Elizabeth Russell

Personal information
- Full name: Elizabeth Ann Russell
- Born: 22 May 1994 (age 32) Solihull, West Midlands, England
- Batting: Left-handed
- Bowling: Right-arm medium
- Role: Bowler

Domestic team information
- 2008–2023: Warwickshire
- 2020–2023: Central Sparks
- 2021–2022: Northern Superchargers

Career statistics
| Competition | WLA | WT20 |
| Matches | 87 | 70 |
| Runs scored | 393 | 155 |
| Batting average | 8.73 | 7.75 |
| 100s/50s | 0/1 | 0/0 |
| Top score | 51 | 30 |
| Balls bowled | 3,415 | 1,036 |
| Wickets | 99 | 42 |
| Bowling average | 22.64 | 23.82 |
| 5 wickets in innings | 1 | 1 |
| 10 wickets in match | 0 | 0 |
| Best bowling | 5/13 | 5/19 |
| Catches/stumpings | 17/– | 12/– |
- Source: CricketArchive, 4 October 2023

= Elizabeth Russell (cricketer) =

English cricketer

Elizabeth Ann Russell (born 22 May 1994) is an English former cricketer who played as a right-arm medium bowler. She played for Warwickshire, Central Sparks and Northern Superchargers.

==Early life==
Russell was born on 22 May 1994 in Solihull, West Midlands.

==Domestic career==
Russell made her county debut in 2008, for Warwickshire against Lancashire. In her first season she was her side's joint-leading wicket-taker, with 8 wickets including 4/32 taken against Surrey. In 2010, she took 15 wickets at an average of 20.53 in the County Championship, the most for her side. In both the 2012 and 2013 County Championships, Russell took 12 wickets, and in 2013 she took her maiden county five-wicket haul, with 5/13 against Essex. Two years later, against the same opponents, she took her first Twenty20 five-wicket haul, 5/19. In 2016 she hit her maiden county half-century, scoring 51 against Somerset.

Russell had a strong season in 2017, as she took 10 wickets at an average of 7.50 in the County Championship and 9 wickets at an average of 10.66 in the Twenty20 Cup. In 2019, she again took 10 wickets in the County Championship, as well as helping her side to the Division 1 title in the Twenty20 Cup. Russell took five wickets at an average of 31.50 in the 2022 Women's Twenty20 Cup. She played one match in the 2023 Women's Twenty20 Cup.

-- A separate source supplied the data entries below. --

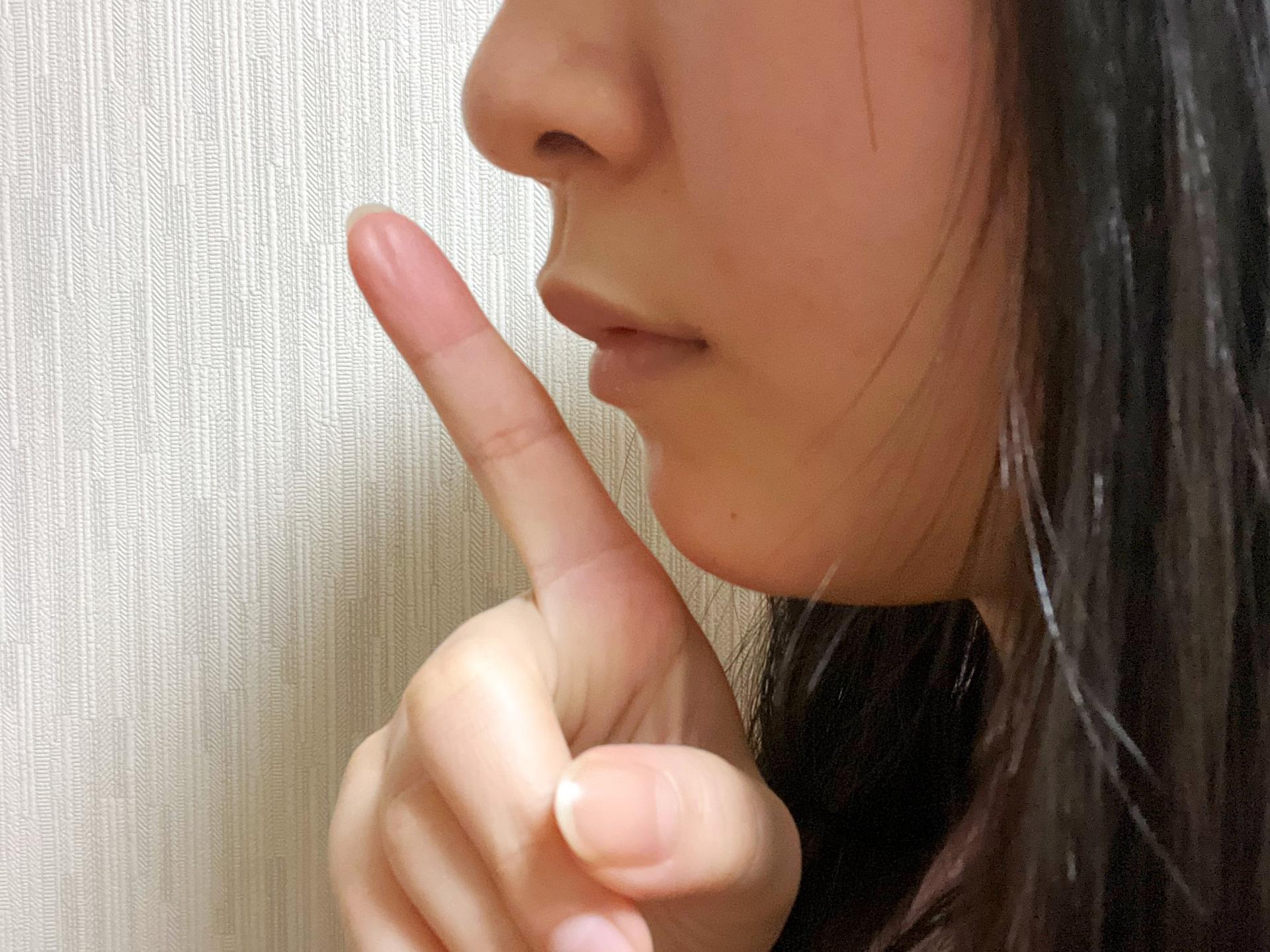 マウスピース矯正で口ゴボが“治らない”ケースとは？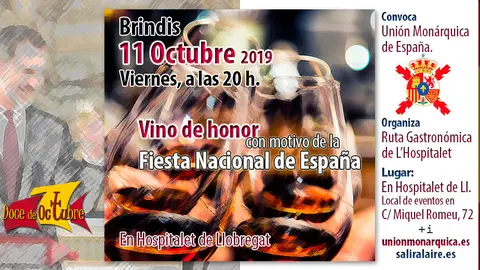 2019-10-11-union-m-brindis-V1x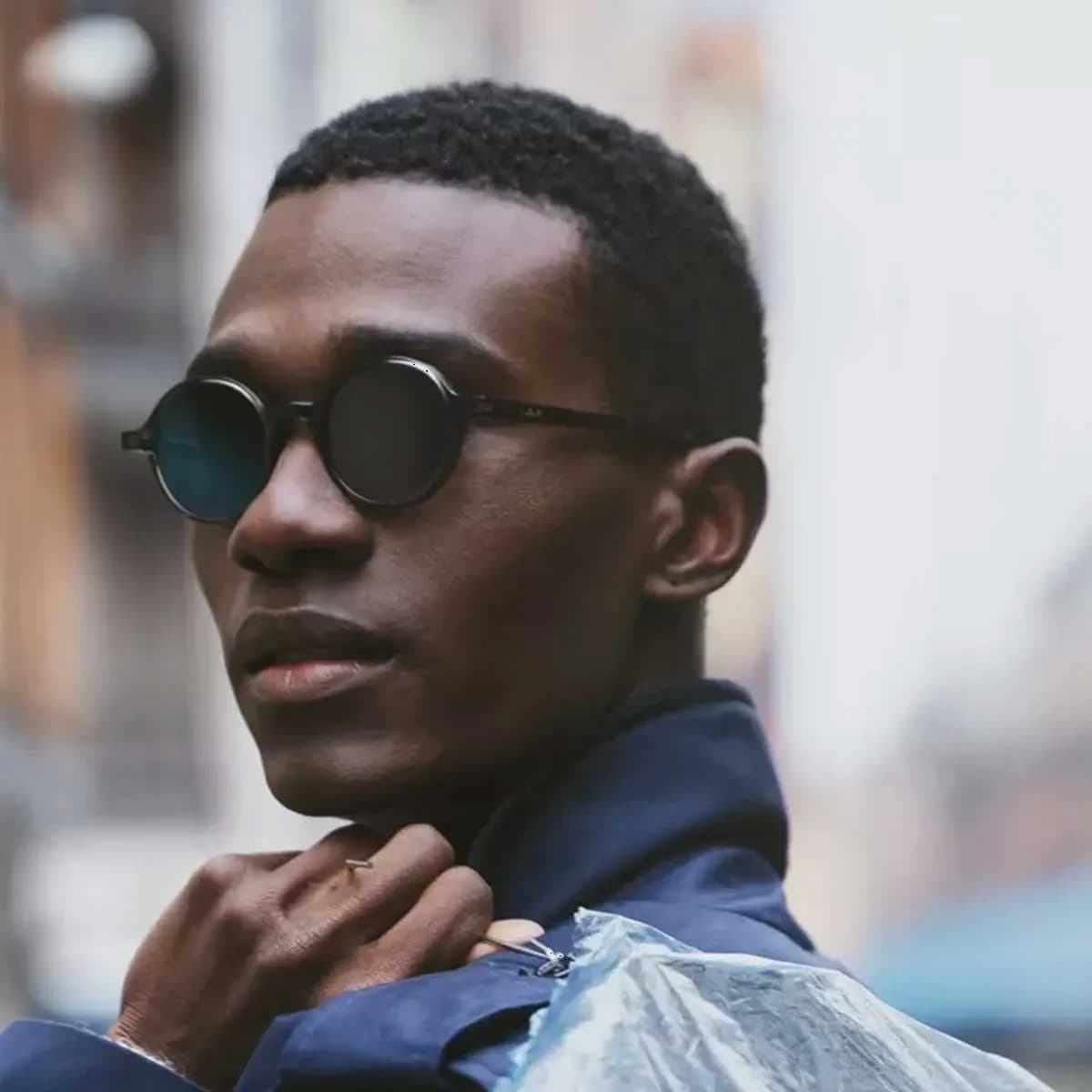 product-8058268624591-3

In 2020, Russell played for Central Sparks in the Rachael Heyhoe Flint Trophy. She appeared in 5 matches, taking 6 wickets at an average of 29.00. Her best performance came in the Sparks' victory over Northern Diamonds, where she took 4/28. She took 4 wickets for her side in the 2021 Rachael Heyhoe Flint Trophy, as well as appearing once in the 2021 Charlotte Edwards Cup. She also signed for Northern Superchargers in The Hundred as a temporary replacement for Helen Fenby due to illness. She played 7 matches for the side, taking two wickets. She played seven matches for Central Sparks in 2022, across the Charlotte Edwards Cup and the Rachael Heyhoe Flint Trophy, taking eight wickets. She also played one match for Northern Superchargers in The Hundred. She was named in the Central Sparks squad for the 2023 season, but did not play a match.

At the end of the 2023 season, Russell announced her retirement from cricket.